■ **What is required**
Make an exact copy of the data below, leaving out every picture.

■ **The data**
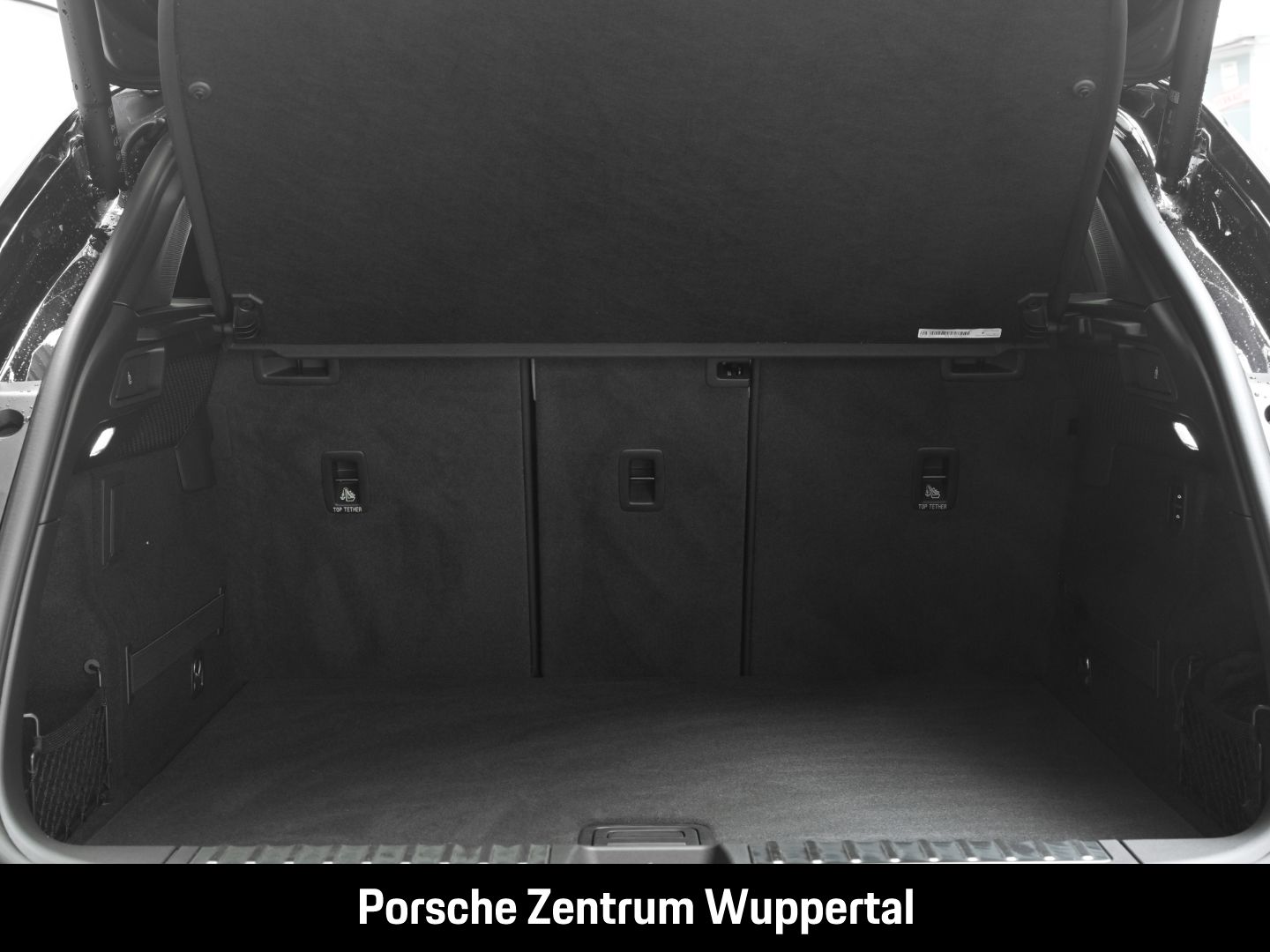 Porsche Macan 4S BOSE Surround-View InnoDrive LED-Matrix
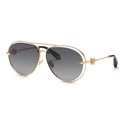 Roberto Cavalli Women's Sunglasses SRC032M610300 (61/12/140 mm)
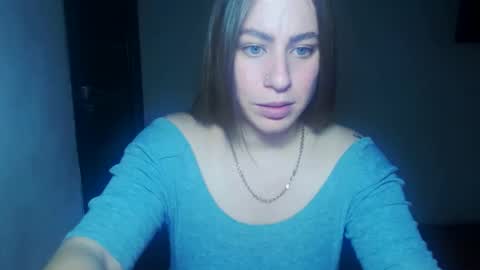 Snapshot of sexyyuliia777 chatting on 10.27.25 Yuliia online show from 10.27.25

■ **Expected answer**
 Porsche Macan 4S BOSE Surround-View InnoDrive LED-Matrix
 Roberto Cavalli Women's Sunglasses SRC032M610300 (61/12/140 mm)
 Snapshot of sexyyuliia777 chatting on 10.27.25 Yuliia online show from 10.27.25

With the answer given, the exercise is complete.